You can always count on Americans to do the right thing, after they’ve tried everything else.- Winston Churchill
When an article appears in Foreign Affairs,
the mouthpiece of the policy-setting Council on Foreign Relations,
recommending that the Federal Reserve do a money drop directly on the
99%, you know the central bank must be down to its last bullet. :
The September/October issue of Foreign Affairs features an article by Mark Blyth and Eric Lonergan titled “Print Less But Transfer More: Why Central Banks Should Give Money Directly To The People.”
It’s the sort of thing normally heard only from money reformers and
Social Credit enthusiasts far from the mainstream. What’s going on?

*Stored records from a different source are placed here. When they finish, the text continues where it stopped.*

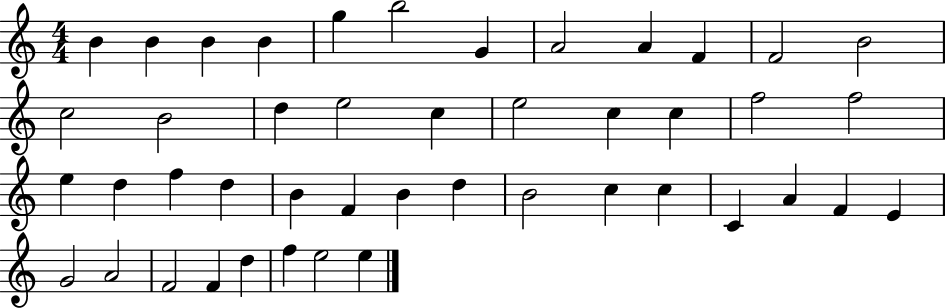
X:1
T:Untitled
M:4/4
L:1/4
K:C
B B B B g b2 G A2 A F F2 B2 c2 B2 d e2 c e2 c c f2 f2 e d f d B F B d B2 c c C A F E G2 A2 F2 F d f e2 e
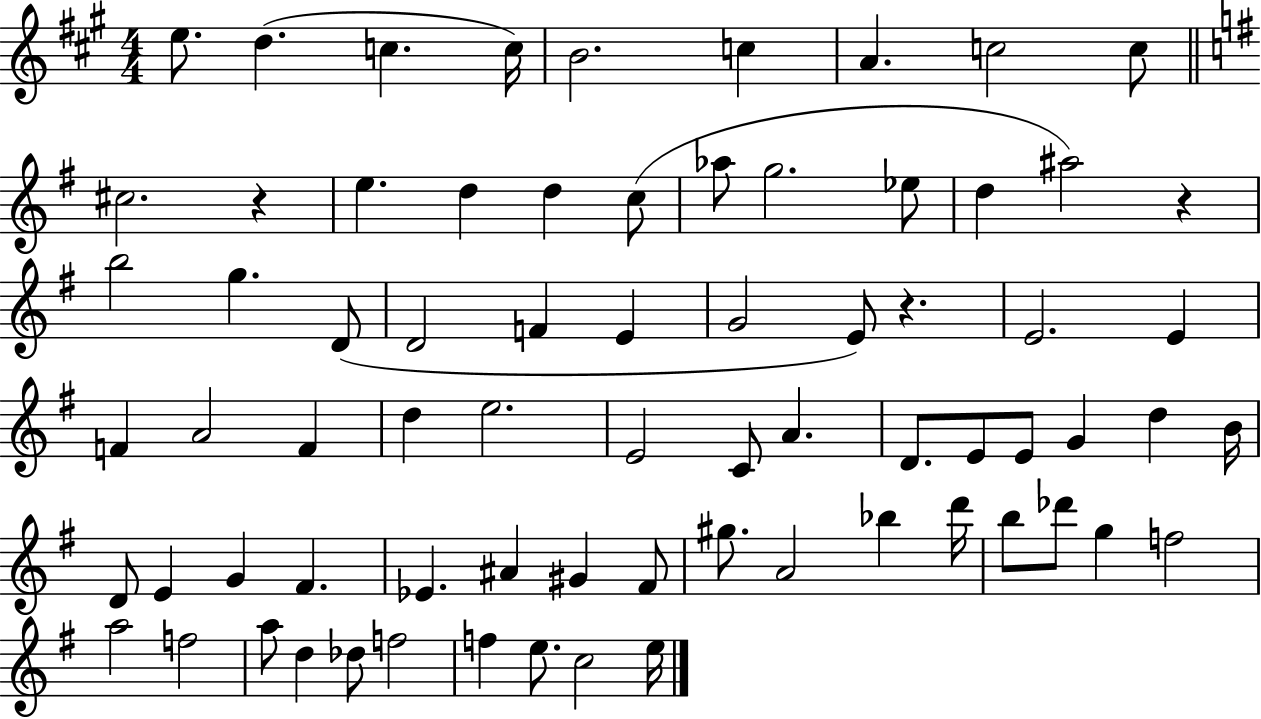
E5/e. D5/q. C5/q. C5/s B4/h. C5/q A4/q. C5/h C5/e C#5/h. R/q E5/q. D5/q D5/q C5/e Ab5/e G5/h. Eb5/e D5/q A#5/h R/q B5/h G5/q. D4/e D4/h F4/q E4/q G4/h E4/e R/q. E4/h. E4/q F4/q A4/h F4/q D5/q E5/h. E4/h C4/e A4/q. D4/e. E4/e E4/e G4/q D5/q B4/s D4/e E4/q G4/q F#4/q. Eb4/q. A#4/q G#4/q F#4/e G#5/e. A4/h Bb5/q D6/s B5/e Db6/e G5/q F5/h A5/h F5/h A5/e D5/q Db5/e F5/h F5/q E5/e. C5/h E5/s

The Fed, it seems, has finally run out of other ammo. It has to taper its quantitative easing program, which is eating up the Treasuries and mortgage-backed securities needed as collateral for the repo market
that is the engine of the bankers’ shell game. The Fed’s Zero Interest
Rate Policy (ZIRP) has also done serious collateral damage. The banks
that get the money just put it in interest-bearing Federal Reserve
accounts or buy foreign debt or speculate with it; and the profits go
back to the 1%, who park it offshore to avoid taxes. Worse, any increase
in the money supply from increased borrowing increases the overall debt
burden and compounding finance costs, which are already a major
constraint on economic growth.
Meanwhile, the economy
continues to teeter on the edge of deflation. The Fed needs to pump up
the money supply and stimulate demand in some other way. All else having
failed, it is reduced to trying what money reformers have been
advocating for decades — get money into the pockets of the people who
actually spend it on goods and services.